The novel’s focus on each character’s relationship to the revolution leaves little room for any detailed portrayal of them outside this political and ideological context. “The Republic, As If” is first and foremost an elegy for and autopsy of the revolution, and Al Aswany fleshes out his characters’ inner lives only insofar as they pertain to their political affiliations. While this approach leaves something to be desired in terms of the characters’ depth, it allows for an exploration of the narratives through which Egyptians of differing backgrounds understand and relate to Egypt’s past, future, and present national identity.
Several characters who uphold the status quo espouse the belief that Egyptians are submissive by nature, incapable of thinking for themselves, and therefore unworthy of a government that represents their interests.
Throughout “The Republic, As If,” negative views of the purported nature of Egyptians are at the root of much of the public’s complacency. Several characters who uphold the status quo espouse the belief that Egyptians are submissive by nature, incapable of thinking for themselves, and therefore unworthy of a government that represents their interests.
One proponent of this view is engineer and factory supervisor, Issam Chaalane. Issam initially comes off as villainous in dismissing his employees’ complaints about corruption, but turns out to have spent years in prison as a young man for criticizing the government. While he became accustomed to torture in prison, Issam’s belief in the value of political struggle dissolved after prison guards sexually assaulted him.
The bravery of the Tahrir Square protesters refutes Issam’s lack of faith in the Egyptian people. But the novel’s triumphant mood in the days leading up to Mubarak’s overthrow sours in the following months, when the military brutally drives most Egyptians back into complacency through a combination of violence and propaganda depicting the protestors as financially-motivated puppets of the Israeli and American governments.
Through torture and sexual assault, the military convinces many of the protesters themselves that their voices are insignificant.
Through torture and sexual assault, the military convinces many of the protesters themselves that their voices are insignificant. The tragedy of these violating displays of power is that the government would not need to torture protesters if it did not consider them a serious threat; the effort the military expends on breaking protesters’ wills is a testament to its fear of them. By convincing the protesters that their struggle for justice is futile, however, the military crystallizes the absolute power that started off as mere posturing. Two of the main characters, Asma and Mazen, emerge from torture and violation at the hands of the military with divergent perspectives on whether Egyptians should hold out hope for a government that respects their rights and treats them with dignity.

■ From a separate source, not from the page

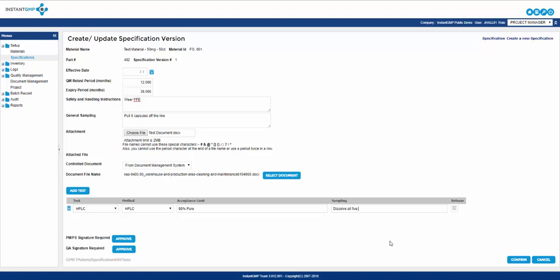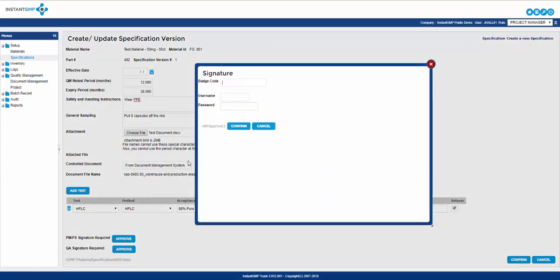Acceptance limit is where you can enter the acceptance criteria for a passing result. Sampling is the section where you will enter the amount you will sample from the general sampling plan. The final box is simply a check box in which you can select if this test will be used for release of the product. After all this information is entered the final steps are to sign off on the specification which requires a project manager or project supervisor along with a QA signature.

“The Republic, As If” concludes with an act of vigilante justice that serves as a tie-breaker between these two views. The father of a young martyr, faced with glaring corruption and indifference when he seeks justice for his murdered son through official channels, takes matters into his own hands. By ending the novel with an unlawful act of retribution, Al Aswany points out that injustice on an institutional level does not necessarily negate the individual will to effect change.
“People sick with subservience need a period of convalescence for the full cure to take effect,” Al Aswany wrote in a 2014 New York Times opinion piece. Egypt’s 2011 revolution failed to cure the country of corruption and injustice, but “The Republic, As If” points out that rebellion may nonetheless have had a salutary effect on its citizens.